コラム 2021.04.02

【ラグリパWest】指導力で貢献する。一澤慎之助 [同志社大学生コーチ]

[ 鎮 勝也 ]
【ラグリパWest】指導力で貢献する。一澤慎之助 [同志社大学生コーチ]
同志社大ラグビー部復活のため、学生コーチとして貢献する一澤慎之助さん。日々練習をする京田辺のグラウンドは、新年度に合わせて人工芝を敷き直した。緑鮮やかな右手、部室の前には満開の桜が見える

「ああ、彼はいいですよね」
 大人たちの評価はみな同じ。高い。

 中尾晃、伊藤紀晶、酒井優…。
 同志社ラグビーでの役職はそれぞれ、副部長、ヘッドコーチ、コーチである。OB首脳の期待を集めるのは一澤慎之助。唯一の学生コーチはこの春、4年生になる。

 監督待遇の伊藤は話す。
「一澤は佐藤の一言を広げていける。選手が理解しやすいように補足できます」
 佐藤貴志はただひとりのフルタイムコーチ。毎日の練習を組み立てている。

 一澤はパイプ役を心がける。
「コーチのみなさんは社会人なので、学生がしゃべりにくいことがないようにしていきたい、と考えています」

 その指導は的確だ。ラックで相手をはがす練習では、形態を交え、短い言葉を使う。
「脇を締める」
 つけ根が甘いと下から手が出ず、相手を排除する力に結びつかない。

「選手には改善点を話します。フィードバックは丁寧にして、何が悪いかを示す。けなさないようにしています」

 その学びは佐藤から。
「知識量はすごいし、自信を持って話される。部員への影響も大きいです」
 OBでもある佐藤は現役時代、SHとしてヤマハ発動機と神戸製鋼に在籍した。日本代表キャップは4を持つ。
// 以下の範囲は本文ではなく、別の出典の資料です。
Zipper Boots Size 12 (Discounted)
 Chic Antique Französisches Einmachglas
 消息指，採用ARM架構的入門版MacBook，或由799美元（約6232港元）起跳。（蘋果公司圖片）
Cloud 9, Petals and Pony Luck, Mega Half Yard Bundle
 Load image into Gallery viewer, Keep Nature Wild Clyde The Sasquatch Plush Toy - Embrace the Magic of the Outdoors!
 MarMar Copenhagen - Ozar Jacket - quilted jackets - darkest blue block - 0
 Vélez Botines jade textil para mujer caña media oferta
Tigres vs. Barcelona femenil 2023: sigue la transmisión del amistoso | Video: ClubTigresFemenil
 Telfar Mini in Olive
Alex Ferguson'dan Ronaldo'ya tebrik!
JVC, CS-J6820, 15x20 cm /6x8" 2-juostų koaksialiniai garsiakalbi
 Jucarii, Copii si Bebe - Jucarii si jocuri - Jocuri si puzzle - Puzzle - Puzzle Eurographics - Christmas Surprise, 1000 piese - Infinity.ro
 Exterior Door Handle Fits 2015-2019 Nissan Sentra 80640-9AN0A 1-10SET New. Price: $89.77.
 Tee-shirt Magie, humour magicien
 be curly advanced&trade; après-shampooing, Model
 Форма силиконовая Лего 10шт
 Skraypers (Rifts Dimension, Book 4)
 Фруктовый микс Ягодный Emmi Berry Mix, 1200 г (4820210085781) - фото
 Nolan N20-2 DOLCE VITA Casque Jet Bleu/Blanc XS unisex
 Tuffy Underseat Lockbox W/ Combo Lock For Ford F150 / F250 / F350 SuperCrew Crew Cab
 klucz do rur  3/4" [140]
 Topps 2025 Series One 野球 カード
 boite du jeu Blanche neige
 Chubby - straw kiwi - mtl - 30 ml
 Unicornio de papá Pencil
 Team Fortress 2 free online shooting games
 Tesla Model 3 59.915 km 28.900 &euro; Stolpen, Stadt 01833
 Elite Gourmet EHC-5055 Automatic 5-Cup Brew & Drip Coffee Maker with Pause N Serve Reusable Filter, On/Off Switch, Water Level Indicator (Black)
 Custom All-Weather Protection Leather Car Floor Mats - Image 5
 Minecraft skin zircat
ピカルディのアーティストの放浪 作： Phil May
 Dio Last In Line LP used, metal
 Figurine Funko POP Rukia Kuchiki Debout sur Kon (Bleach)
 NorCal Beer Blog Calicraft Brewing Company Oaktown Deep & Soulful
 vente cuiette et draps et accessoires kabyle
 佐藤のコーチ資格は最上のS。一澤はその入り口である「スタート」。間には上からABCと3つの等級が挟まっている。

 一澤は入学時、SHだった。2年に進級直前、選手からの転向を打診される。当時、監督だった萩井好次や佐藤からだった。
「真面目な部分が評価されたようです」
 自分の中では10分前集合が当然。スポーツ健康科学部に学ぶが、要卒単位はゼミと卒論をのぞき、ほぼ取得済みだ。

 最初は首をタテに振れなかった。
「情けなかった。選手としては実力不足、と言われているのと同じことだと思いました。やりたくなかったです」

 萩井や佐藤は言い続ける。
「チームというのは、選手だけじゃない。スタッフが裏で支えている。だから、選手は思い切ってプレーができるんだ」
 半年して、迷いは消えた。

 今はよかったと思っている。
「選手なら、自分のグレードだけ。でも、コーチならAチームを含めて、すべてのチームを見られて、貢献できます」
 本当の意味で紺グレの一員になる。